Biological evolution involves changes in organism population properties that transcend the lifetime of a single individual1. Such changes are adaptations wherein organisms interact with

various factors, including conspecifics, other species, and the environment2,3. Natural selection changes in direction and intensity over time, and therefore, does not always remain

constant4. Consequently, a current adaptation cannot predict or guarantee its adaptability in the future during evolution. For example, the well-known blind spot in the human eye results

from a conflict between optic nerve conduction and the inner lining of the retina5. The blind spot provides evidence that an adaptation cannot predict consequences but evolves based on

previous events, even if they are contradictory. Behavior is the forerunner of evolution, but studying different behavioral adaptations along an evolutionary trajectory is difficult due to

the lack of fossil or anatomical evidence6,7. However, egg retrieval and rejection behaviors in birds may provide a testable case for such studies.

Egg retrieval behavior refers to the act of an incubating bird retrieving eggs that have accidentally rolled out of the nest. This behavior is believed to be a common ancestral behavior

among ground-nesting birds that have not evolved elegant nest knitting8. As egg Retrieval cannot be suspended after stimuli until the bird completes the entire process, the behavior is

regarded as a fixed pattern of instinctive behavior8,9. In contrast, egg rejection is a more recent and specific adaptation that has evolved as a defense against brood parasitism10,11. Egg

rejection is flexible and can be enhanced via learning and social transmission12,13,14. Notably, the motivation and intention for egg rejection oppose those of egg retrieval; the former

refers to recognizing and rejecting eggs that are inside nests, whereas the latter refers to distinguishing and retrieving eggs that are outside nests. Therefore, these two behaviors are

successive adaptations on an evolutionary axis related to different levels of egg discrimination, but the natural selection direction for behavioral intention is the opposite.
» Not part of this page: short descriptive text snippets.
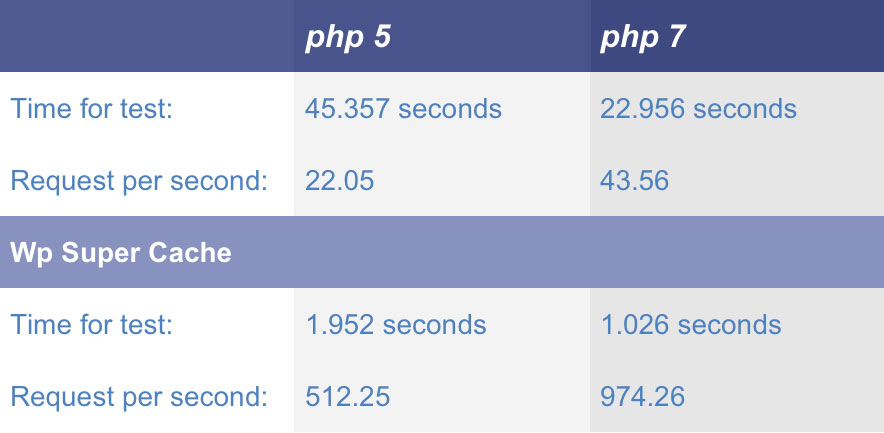 wordpress-php5-vs-php7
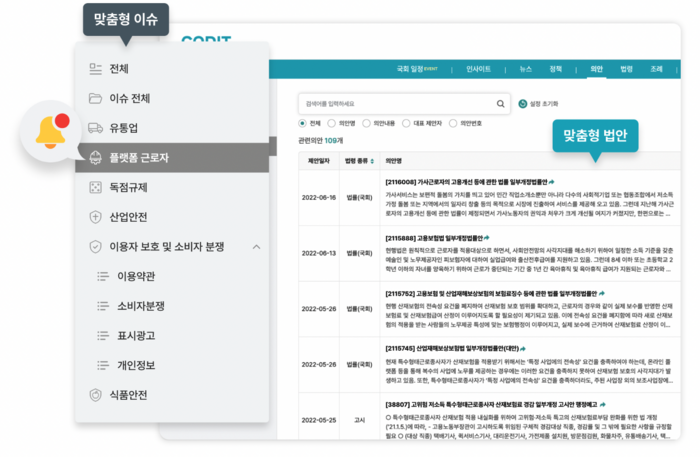 코딧 이미지
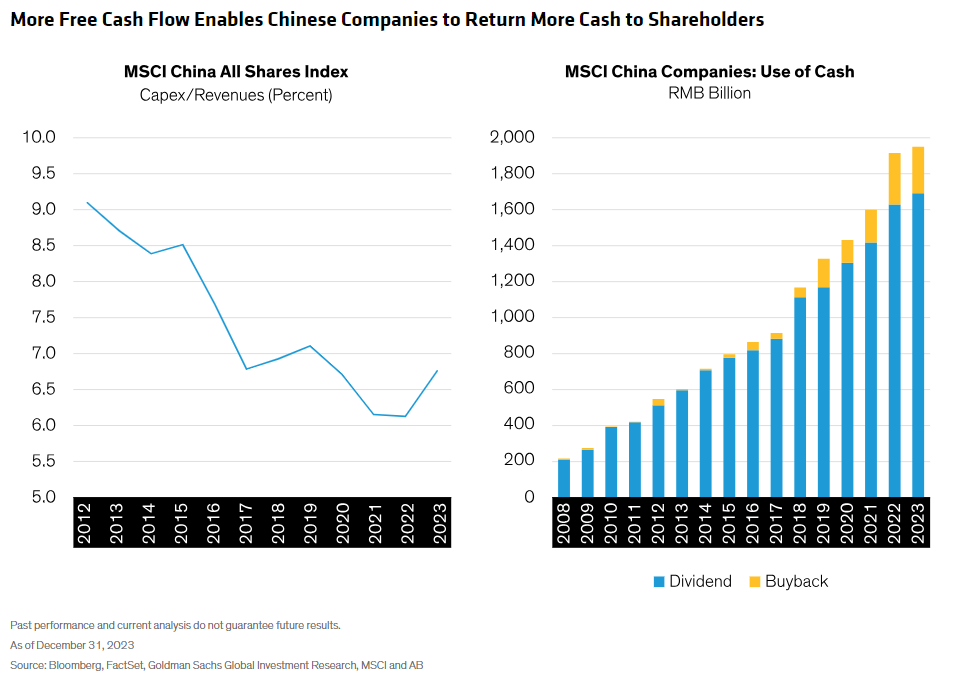 MSCI China All Shares Index and MSCI China Companies Use of Cash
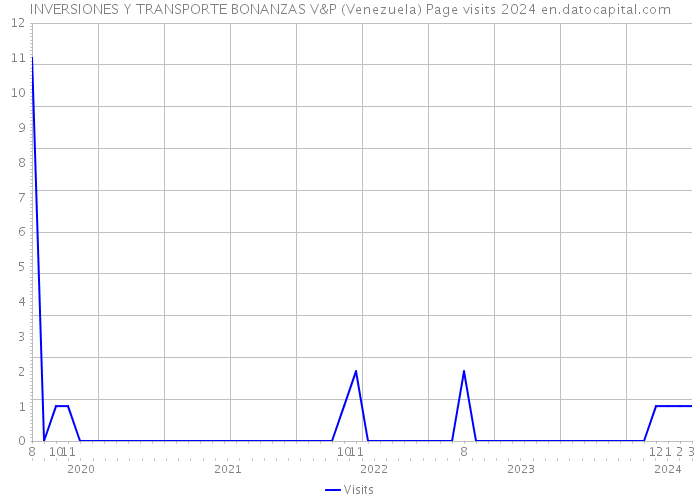 INVERSIONES Y TRANSPORTE BONANZAS V&P (Venezuela) Page visits 2024 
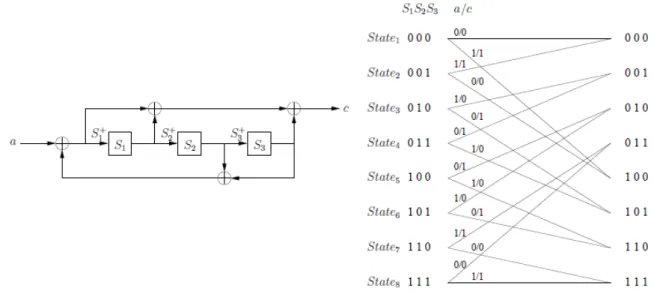 Figure 3.4: Scheme of the convolutional encoder and corresponding trellis diagram for the encoding bits [Li09].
For egg

retrieval, the birds need to distinguish eggs from non-egg-shaped objects, while for egg rejection, they need to identify parasite eggs from their own eggs. Consequently, common hosts of

brood parasites face and cope with the conflict between egg retrieval and rejection when they possess both behavioral adaptations because when confronted with an egg outside the nest cup,

the former will stimulate the birds to retrieve it whereas the latter will trigger them to reject it. Studies on the relationship between these two behaviors will contribute to revealing the

evolutionary and maintained mechanisms between two successive but opposing adaptations.
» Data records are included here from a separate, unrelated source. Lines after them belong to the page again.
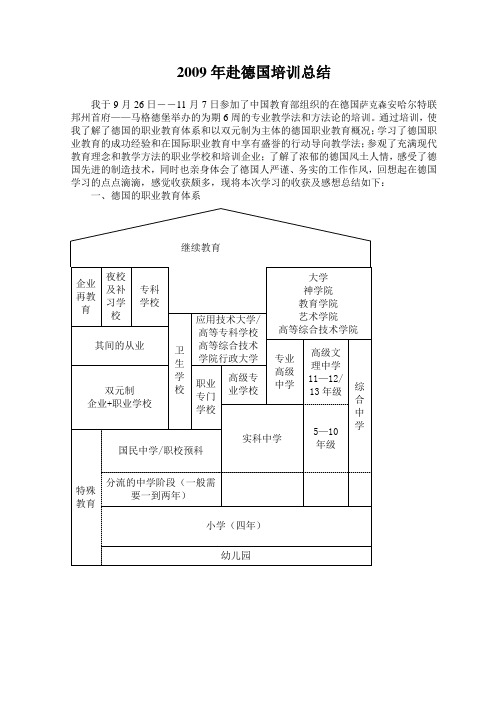 2009年赴德国培训总结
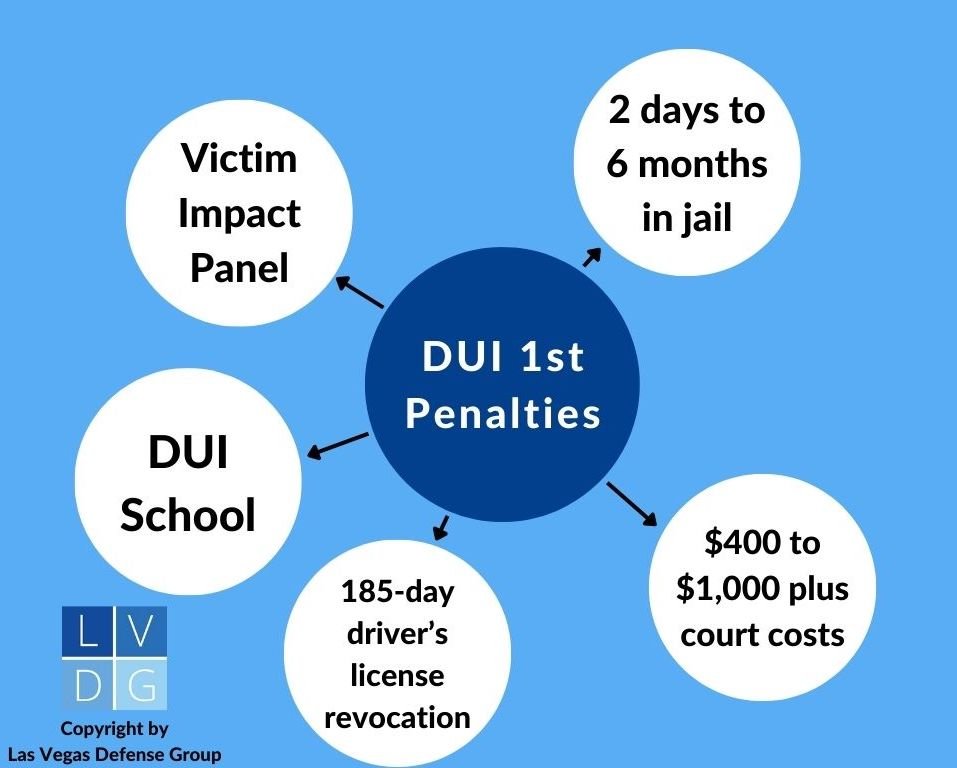 DUI first penalties bubble graph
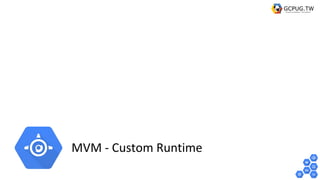 MVM - Custom Runtime
 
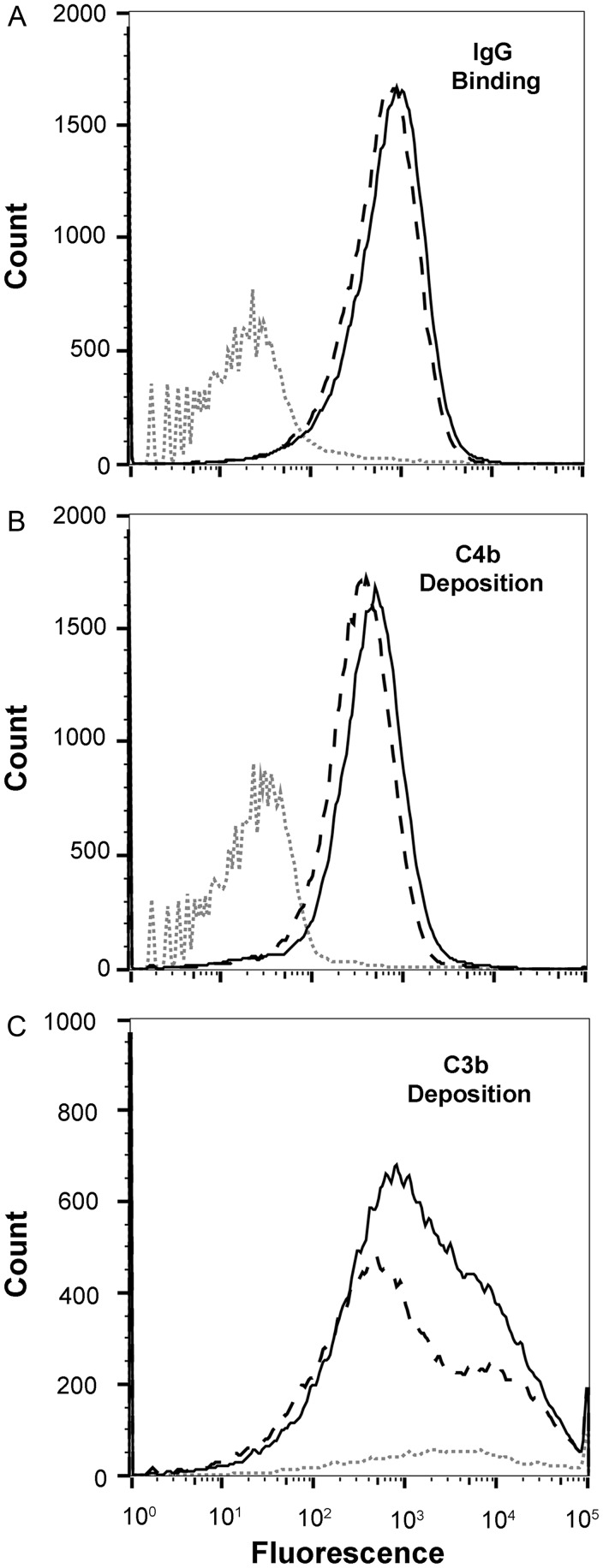 Figure 7.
Despite evidence of the conflict between egg retrieval and rejection, studies on the topic are limited15. Approximately 100 species of obligate brood parasites exist globally16, including

the famous parasitic cuckoos (Cuculidae spp.) and cowbirds (Icteridae spp.), all of which are altricial birds (except for Heteronetta atricapilla, an obligate parasitic duck). However, only

two studies on egg retrieval behavior have been conducted in altricial birds15,17, of which only one focused on the relationship between egg retrieval and rejection15. As the studied species

have not been exploited by any parasitic species, their relationship with possible brood parasites is unclear15. In this study, we conducted a field experiment18 to study and compare the

behavioral relationship between egg retrieval and rejection in two closely related sympatric breeding species: the Oriental magpie-robin (Copsychus saularis) and white-rumped shama (C.
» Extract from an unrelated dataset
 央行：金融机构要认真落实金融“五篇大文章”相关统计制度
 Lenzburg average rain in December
malabaricus) (Fig. 1A, B). The studied population of magpie-robins was exploited by the common cuckoo (Fig. 2), whereas the shamas were not parasitized by any of the cuckoo species.

(A) Male white-rumped shama; (B) male Oriental magpie-robin; (C) shama nest with a manipulated conspecific egg in ONC treatment; (D) magpie-robin nest with a manipulated conspecific egg in

ONC treatment; (E) shama nest with a manipulated model egg in ONC treatment; (F) magpie-robin nest with a manipulated model egg in ONC treatment. A, B were photographed by Li Cheng with

permission.

A Male magpie-robin feeding cuckoo chick; B female magpie-robin feeding cuckoo chick. The images were photographed by Guoqiang Yu with permission.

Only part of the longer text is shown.